Stories from the Grave

Eva Blood Waggoner: 1884-1979

Posted July 10, 2020

When I was a child, my father told me and my 6 brothers and sisters, “The big thing in life is service to others.” I’ve seen the better part of my 96 years in service to others, living my father’s creed.

My name is Eva Waggoner Blood. Born in Oconto, but raised and educated in Green Bay. Upon graduation from East High School, I took secretarial classes at Green Bay Business College and later in Chicago where I received a teaching degree in stenographic.

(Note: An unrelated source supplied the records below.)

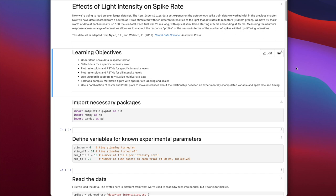Hello, welcome back to Neural Data Science. I'm Professor Aaron Newman, and today continues our single unit data chapter. Today we're going to be learning about the effects of light intensity on spike rate, and working with a larger dataset than we did in the last lesson to understand how we can plot many raster plots and peristimulus time histograms at once.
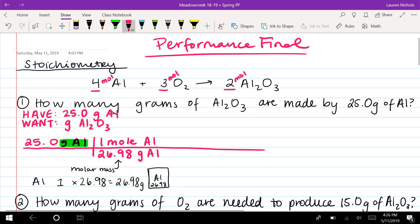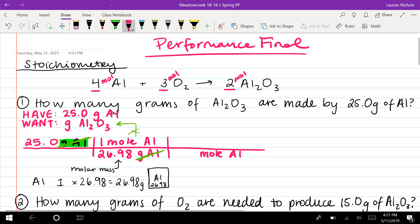When you have something on the top and bottom of a fraction, it cancels out. So grams of aluminum cancel out with grams of aluminum, and we have moles of aluminum left. Comparing that to what we want, they don't match, so we have to keep going. We create a second step, following our pattern: whatever unit we have, we put at the bottom of the next section — moles of aluminum.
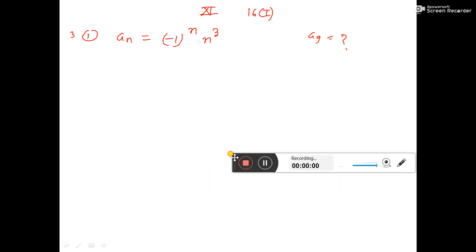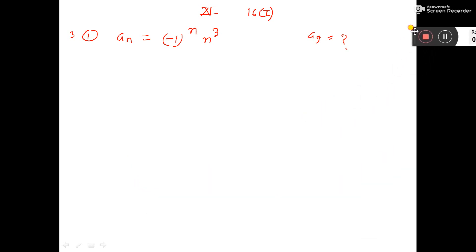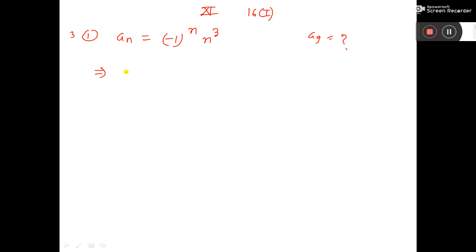In this sequence, you have to find the value of a9. So if you put 9 instead of a, you get minus 1 to the power 9, times 9 to the power 3.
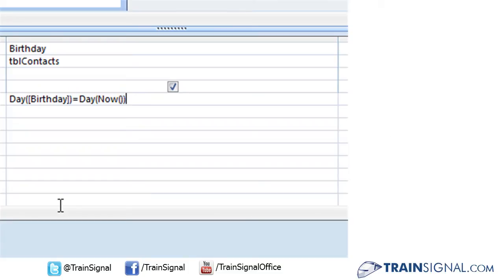As of right now, that takes care of the day, but we still need to specify the month in this expression. To tack on more criteria, we're going to use the AND operator.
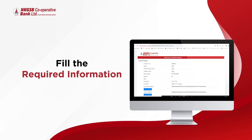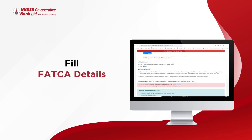Once the form is on your screen, fill the following fields: Father's Name, Mother's Name, Email ID, Permanent Address, and Current Address. Now fill in the FATCA details.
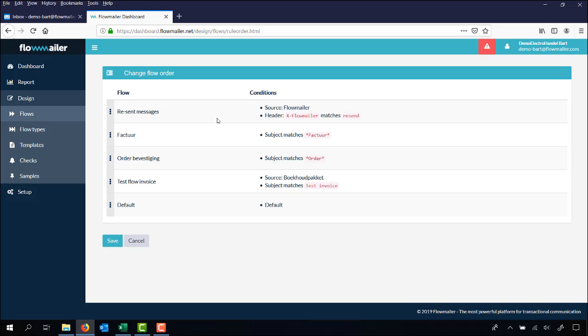So for example if one email comes from the source flow mailer and the headers xflow mailer and matches recent, it's gonna arrive in the flow recent messages.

After my marriage to Lee Blood and while working in the Mayor’s office days and teaching at Green Bay Business College evenings, I joined the newly formed Green Bay Women’s Club, an organization formed for the betterment of the community. I saw an opportunity for “service to others,” and as a member of the child welfare committee in the club, I organized the Visiting Nurses Association, covering children from cradle to school and beyond.

In 1922 after returning from a YWCA convention, I saw a need for girls from 12 – 18 and formed a group called “Girls Reserve” and later the “Y – Teens.” Our motto was, “It is not the way the wind blows, but how you set your sails.”

In addition to working to serve children and family needs, I was President of the Brown County Historical Society, and as president I spearheaded a drive to raise money to move the historic Cotton House to its present location in 1938. I was also active with the Gray Ladies at Bellin Hospital, the Green Bay and De Pere Antiquarians and the Republican Party. Lee and I found time to teach Sunday school at the First United Methodist Church.

I passed away in 1979 at age 96 and am buried with Lee at Woodlawn cemetery. I’m proud to say my father’s motto became mine, “do for the service of others.”